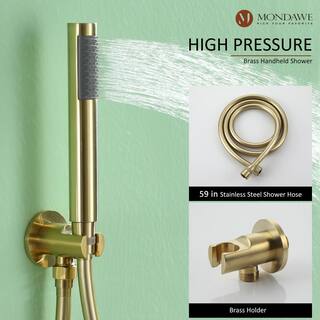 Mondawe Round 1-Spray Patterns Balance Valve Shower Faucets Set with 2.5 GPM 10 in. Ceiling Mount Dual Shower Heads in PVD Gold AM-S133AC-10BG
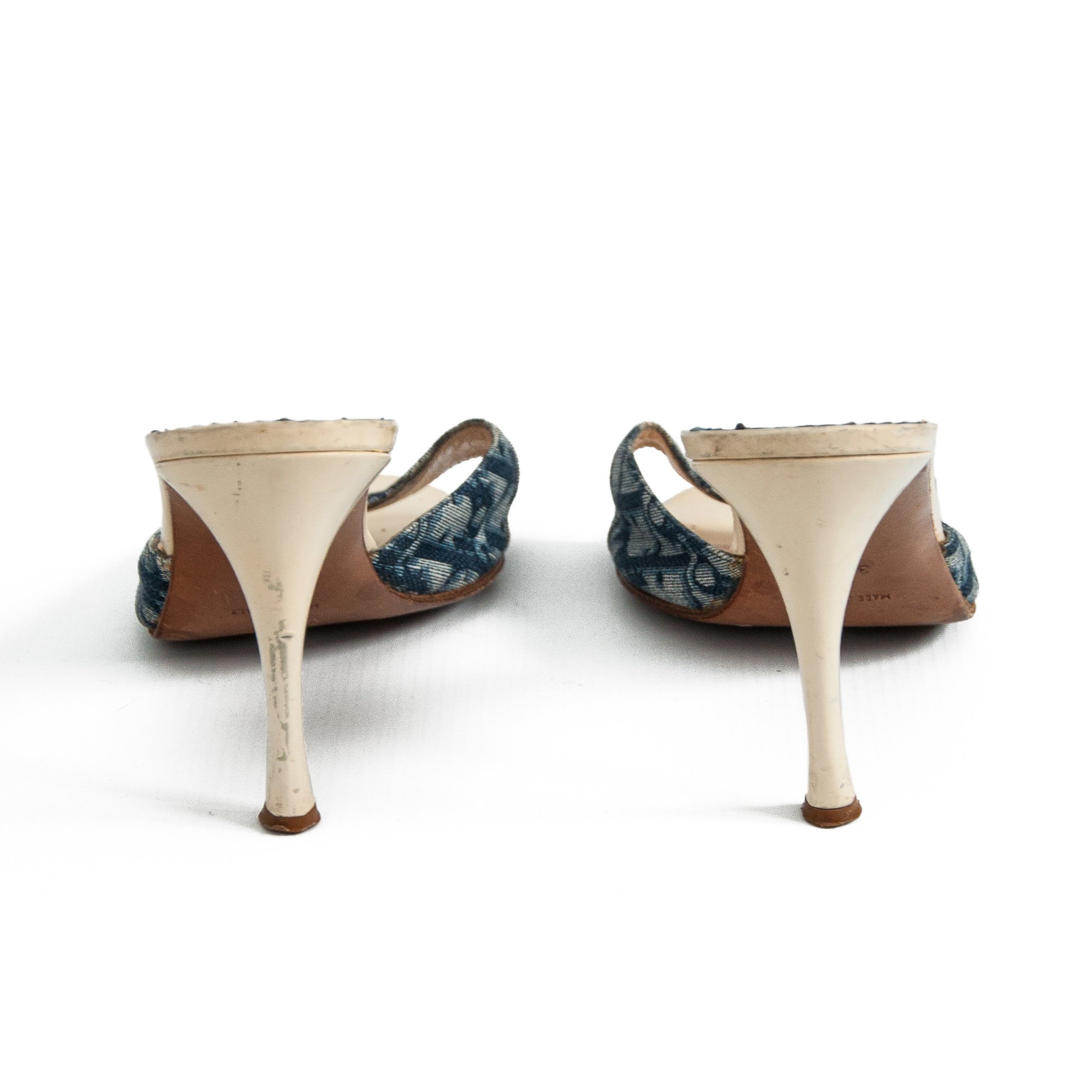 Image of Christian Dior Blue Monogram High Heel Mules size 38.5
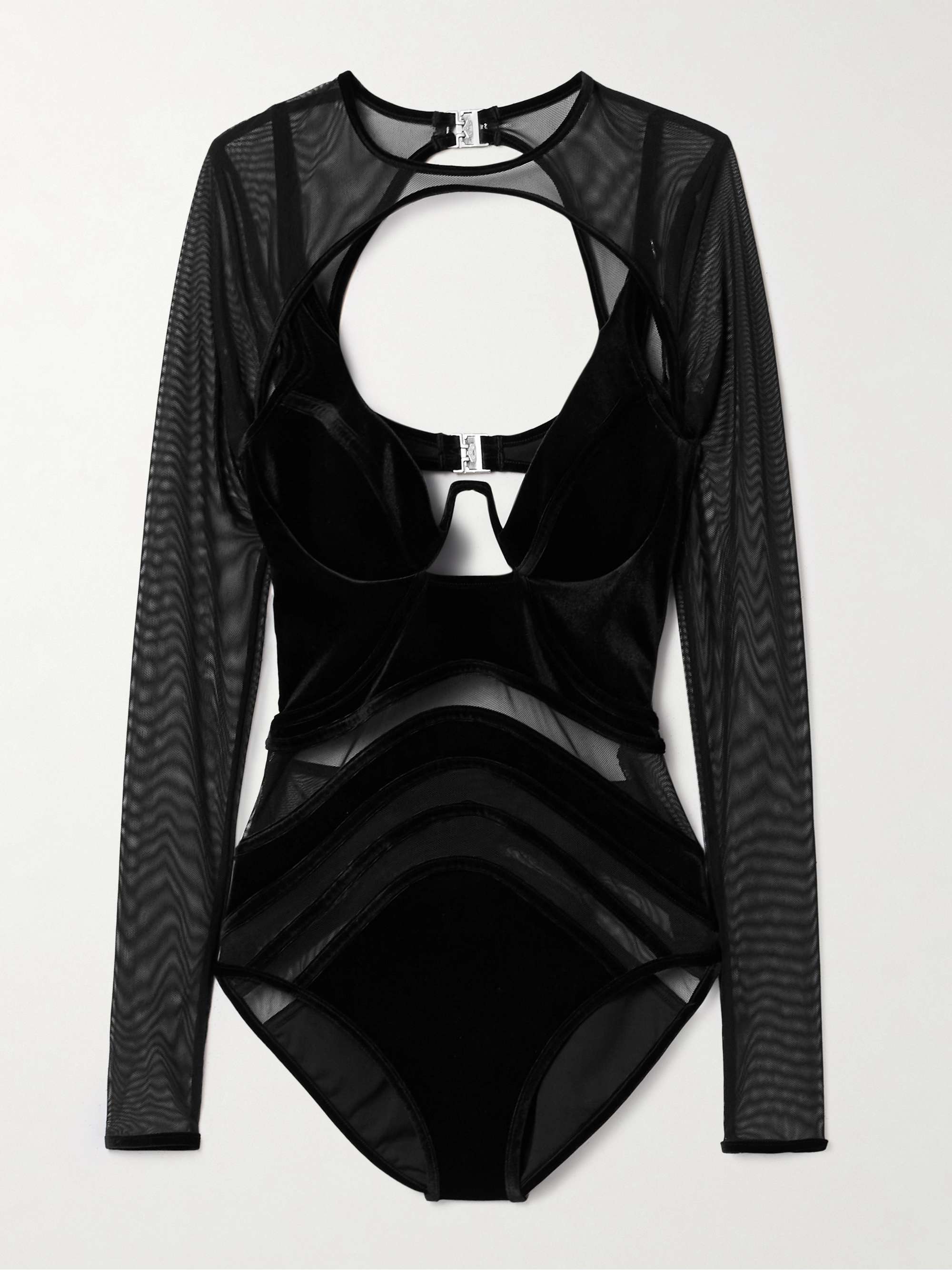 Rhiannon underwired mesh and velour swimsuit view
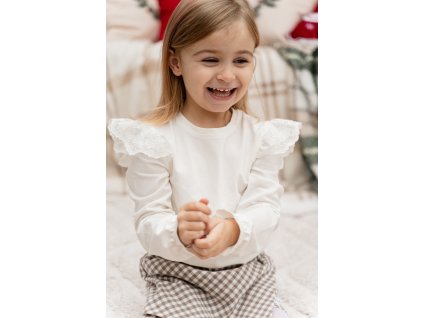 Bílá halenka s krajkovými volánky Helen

> _WHAT YOU WILL DO_: The expected output is the exact run of lines from the one containing "Rhiannon underwired mesh" through the final line of the data above, both ends included, with no pictures.

> _PROBLEM SOLUTION_:
 Rhiannon underwired mesh and velour swimsuit view
 Bílá halenka s krajkovými volánky Helen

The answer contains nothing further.